I so enjoyed the presence the Sunfire TGP-5 gave to the helicopters on this HD DVD that I moved on to Apocalypse Now Redux (Paramount Home Entertainment) to further test its abilities, and once again was impressed. The TGP-5 gave an enveloping surround field and seamless transitions. The rumble of arc light when Captain Willard’s (Martin Sheen) team meets the Air Cavalry shook the walls of my room. Helicopters flew around me while the subtle details of the dirt falling back to the ground from explosions remained. Later, in the interrogation scene, the chirping crickets came from all around me while Kurtz (Marlon Brando) scratching his head seemed so real; it felt as though I had just scratched my own stubble. Again, the TGP-5 rendered the video portion of the performance faithfully, with no signs of editorializing.
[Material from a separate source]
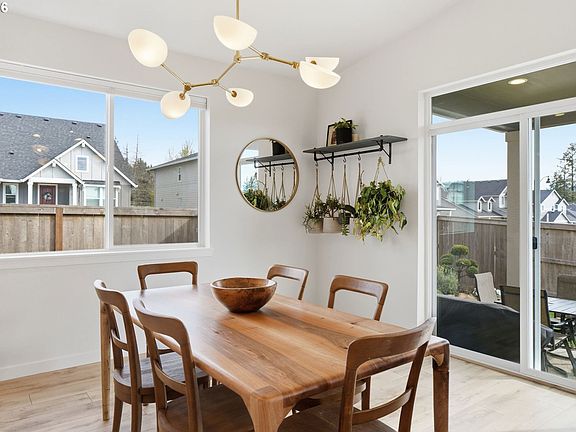 2nd image of 11664 SE Crown Point Way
To test the TGP-5’s musical ability, I cued up Nine Inch Nails’ The Downward Spiral (Interscope Records) on SACD. Trent Reznor is known for making music out of chaos, so his albums can be difficult to reproduce. The ambient sound of “Piggy” pulled me into the music, the blowing wind was eerie and the drums kicked in with force. The final song of the album, and my favorite, “Hurt” makes for a great test of audio gear. The typical NIN bass is present, but the tamed-down vocals and guitars are contrasted with explosions of sound. The TGP-5 did a great job handling the loud passages as easily as the quiet ones and the intensity of the drums kept good separation from the quieter passages, while the wind flowed effortlessly and made for excellent reproduction of this song.
To test the TGP-5 on something a little softer, I moved on to the DVD-Audio disk of the Grateful Dead Workingman’s Dead (Rhino Records). Though I am not a huge Deadhead, I like this album, and they did a great job remixing it for DVD-Audio. During the opening track “Uncle John’s Band,” the echoes during the harmony were lifelike. Once again, the Sunfire gear easily handled the transitions. “Cumberland Blues” is my favorite song on this album, and the Sunfire TGP-5 did great justice to the fast and fun pace of it. The bouncing bass lines easily came through and I was able to distinguish the individual voices within the harmonies, while the guitar stayed off to the left of the soundstage.
On the title track of Yes’ classic Close to the Edge (Elektra), the bass shone, while the complexity of this piece was clearly reproduced and imaging was so good that I actually checked that my surrounds weren’t on. Bass was punchy and highs were sharp. “And You and I” had a smooth ease to the intro and individual notes remained clear, allowing the background to easily come through. As the rhythm of the song increased, nothing was lost, and the ringing bells seemed to chime from behind me. “Siberian Khatru” showed all the punch and liveliness it’s known for, while the vocals seemed to hover in the middle of my room.
The tuner section of the TGP-5 also performed very well, easily pulling in the more problematic stations in my area. The Dynamic Tuner Noise Reduction did a great job of lowering the noise floor of my Saturday afternoon radio sessions, making them even more enjoyable.